Work item>
Please keep the images out and set down the data exactly as given.

Data>
-- Opening Marker --

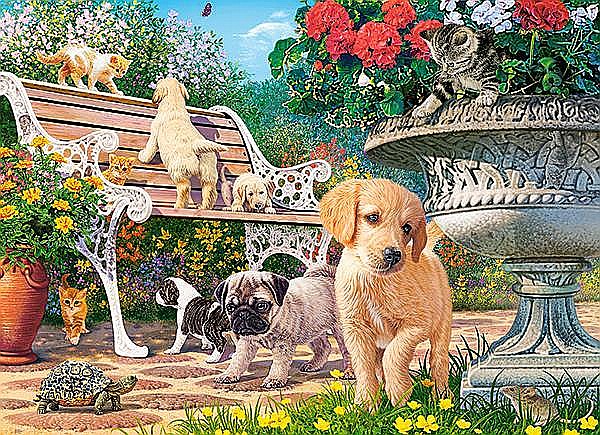 Puzzle 100 piese Hide and Seek 111220 Castorland [2]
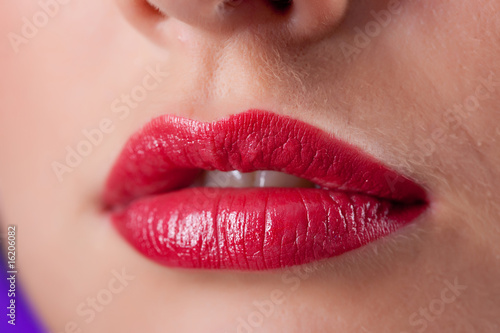 Woman And Lipstick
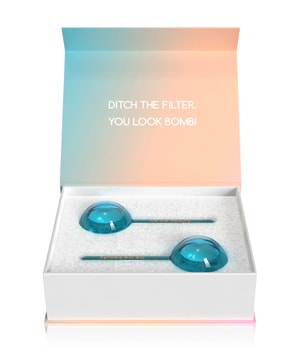 ice ice beauty Facial Ice Globes Oceanblue - blau Massagegerät-2 Stk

-- Closing Marker --

Finished task>
 Puzzle 100 piese Hide and Seek 111220 Castorland [2]
 Woman And Lipstick
 ice ice beauty Facial Ice Globes Oceanblue - blau Massagegerät-2 Stk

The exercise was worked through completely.